Andrew Balls, the fund's chief investment officer for global fixed income, also said financial markets were underestimating how quickly the U.S. Federal Reserve would raise interest rates, and that the Bank of England would not have to cut rates again this year to tackle the economic fallout from Brexit.

In a bid to revive growth and inflation, which have struggled to recover since the 2008 financial crisis, central banks have slashed interest rates -- below zero in many cases -- and printed trillions of dollars for bond-buying splurges.

But a shift in the Bank of Japan's approach this week is a signal to some that monetary policy might be reaching its limits, fuelling speculation that a 35-year-long rally in bond markets, which has crushed yields, may be over.

"Central banks running out of rope over time is going to lead to higher risk premium, and we think you are going to see a gradual rise in the coming years in bond yields and equity risk premiums," Balls said.
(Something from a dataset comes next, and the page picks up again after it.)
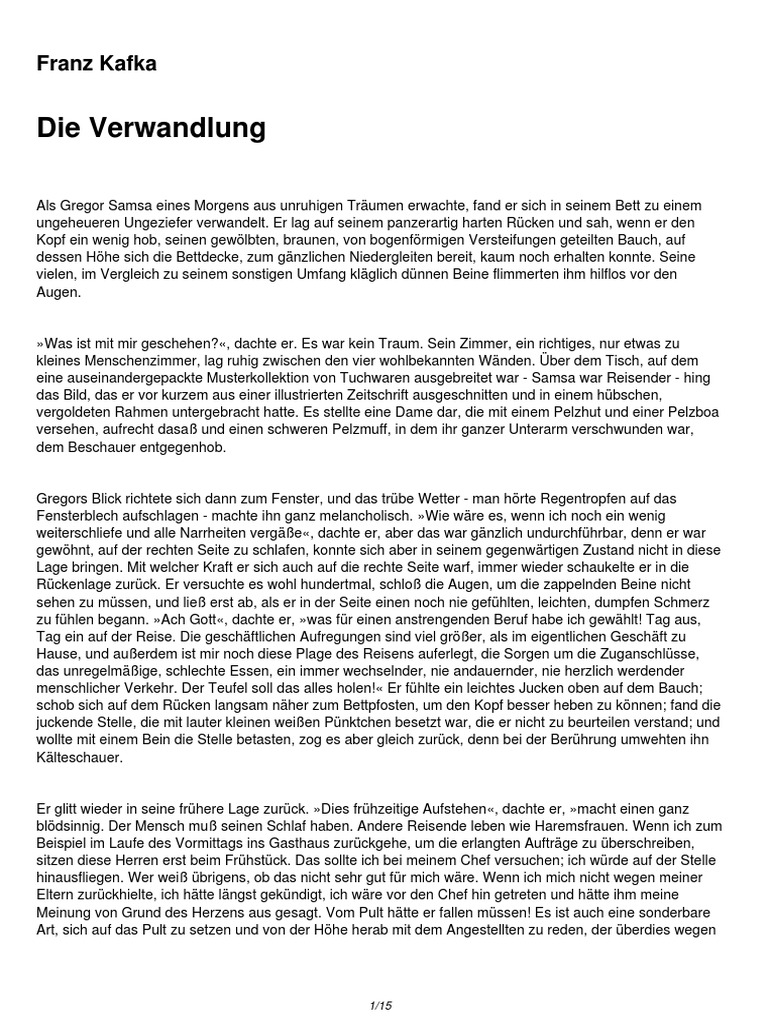 Die Verwandlung "Metamorphosis", by Franz Kafka PDF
While Europe and Japan have pledged to keep monetary conditions easy, the Fed is toying with raising rates for just the second time this decade as the world's largest economy, the United States, recovers.

Balls said that, while rates would not return to anywhere near levels seen at the turn of the century, hikes in the coming years could come faster than investors expect.

The investment manager, formally Pacific Investment Management Co, expects the Fed to hike in December and twice in 2017. Money market rates indicate around a 50 percent chance of a December hike, and just a 25 percent chance of a further rise next year, according to CME Group's FedWatch.

SPIKES AND TANTRUMS

Balls said the tightening of monetary conditions could give rise to sudden market jolts, similar to those seen when the Fed started to row back its quantitative easing scheme in 2013.

"There is the possibility we are going to get more mini 'taper tantrums' and spikes in volatility," he said.

    "So far, central banks have been able to pretty quickly suppress this, and you saw that after Brexit, but the declining effectiveness of central banks is an issue."

Emerging economies, many of which borrow large amounts in dollars, could also have problems refinancing their debt if higher U.S. rates lead to a stronger currency.

But Balls said the risk was manageable and noted signs of economic improvement in many countries.

"We were very underweight emerging markets over last few years, now we are probably neutral. But we still think valuations look reasonable and we will probably allocate more of our risk budget to emerging markets."

Turning to Britain, Balls said he did not expect the Bank of England to cut interest rates for a second time this year, with the fallout of June's vote to leave the European Union looking fairly contained for now.

"Our baseline (scenario) is that we have a cyclical slowdown and it becomes clear that the offer is a reasonable one and not too destabilising in terms of the macro economy," said Balls, the brother of Ed Balls, former finance spokesman for the opposition Labour Party.

"We think the Bank of England are probably quite pleased as they acted pre-emptively. We don't think they will do anything more this year."

Balls said Pimco had sold some of its holdings of British government bonds and reduced its short position on the pound.

Pimco, a unit of the German insurer Allianz SE, is headquartered in Newport Beach, California, with more than $1.5 trillion in assets under management.